[Records excerpted from a collection]
◇ ◇ ◇

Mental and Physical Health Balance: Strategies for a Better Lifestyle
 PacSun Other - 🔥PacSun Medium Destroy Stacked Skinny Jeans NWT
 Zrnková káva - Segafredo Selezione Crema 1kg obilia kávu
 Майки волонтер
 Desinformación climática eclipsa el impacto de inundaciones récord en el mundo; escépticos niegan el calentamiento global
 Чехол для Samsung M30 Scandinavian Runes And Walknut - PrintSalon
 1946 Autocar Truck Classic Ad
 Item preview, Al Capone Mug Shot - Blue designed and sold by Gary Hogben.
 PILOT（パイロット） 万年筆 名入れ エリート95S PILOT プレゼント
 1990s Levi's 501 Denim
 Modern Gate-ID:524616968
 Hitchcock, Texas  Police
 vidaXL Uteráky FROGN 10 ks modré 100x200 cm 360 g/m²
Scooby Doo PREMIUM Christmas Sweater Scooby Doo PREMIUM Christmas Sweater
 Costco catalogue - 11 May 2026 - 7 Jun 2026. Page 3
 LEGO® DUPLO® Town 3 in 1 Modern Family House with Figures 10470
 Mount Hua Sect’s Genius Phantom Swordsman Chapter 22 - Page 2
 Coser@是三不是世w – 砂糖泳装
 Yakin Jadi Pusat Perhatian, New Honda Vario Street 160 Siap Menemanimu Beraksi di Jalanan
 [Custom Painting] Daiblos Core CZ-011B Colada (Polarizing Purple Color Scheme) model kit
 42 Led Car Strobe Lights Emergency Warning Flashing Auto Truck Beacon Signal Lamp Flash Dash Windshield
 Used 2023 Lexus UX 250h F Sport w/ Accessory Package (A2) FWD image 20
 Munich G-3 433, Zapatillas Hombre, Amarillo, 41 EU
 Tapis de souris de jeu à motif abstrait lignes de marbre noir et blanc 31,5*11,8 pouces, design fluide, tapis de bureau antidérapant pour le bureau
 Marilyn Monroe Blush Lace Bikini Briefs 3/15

◇ ◇ ◇

# Task statement
Word for word, return the entire set of entries.

# Output of the exercise
Mental and Physical Health Balance: Strategies for a Better Lifestyle
 PacSun Other - 🔥PacSun Medium Destroy Stacked Skinny Jeans NWT
 Zrnková káva - Segafredo Selezione Crema 1kg obilia kávu
 Майки волонтер
 Desinformación climática eclipsa el impacto de inundaciones récord en el mundo; escépticos niegan el calentamiento global
 Чехол для Samsung M30 Scandinavian Runes And Walknut - PrintSalon
 1946 Autocar Truck Classic Ad
 Item preview, Al Capone Mug Shot - Blue designed and sold by Gary Hogben.
 PILOT（パイロット） 万年筆 名入れ エリート95S PILOT プレゼント
 1990s Levi's 501 Denim
 Modern Gate-ID:524616968
 Hitchcock, Texas  Police
 vidaXL Uteráky FROGN 10 ks modré 100x200 cm 360 g/m²
Scooby Doo PREMIUM Christmas Sweater Scooby Doo PREMIUM Christmas Sweater
 Costco catalogue - 11 May 2026 - 7 Jun 2026. Page 3
 LEGO® DUPLO® Town 3 in 1 Modern Family House with Figures 10470
 Mount Hua Sect’s Genius Phantom Swordsman Chapter 22 - Page 2
 Coser@是三不是世w – 砂糖泳装
 Yakin Jadi Pusat Perhatian, New Honda Vario Street 160 Siap Menemanimu Beraksi di Jalanan
 [Custom Painting] Daiblos Core CZ-011B Colada (Polarizing Purple Color Scheme) model kit
 42 Led Car Strobe Lights Emergency Warning Flashing Auto Truck Beacon Signal Lamp Flash Dash Windshield
 Used 2023 Lexus UX 250h F Sport w/ Accessory Package (A2) FWD image 20
 Munich G-3 433, Zapatillas Hombre, Amarillo, 41 EU
 Tapis de souris de jeu à motif abstrait lignes de marbre noir et blanc 31,5*11,8 pouces, design fluide, tapis de bureau antidérapant pour le bureau
 Marilyn Monroe Blush Lace Bikini Briefs 3/15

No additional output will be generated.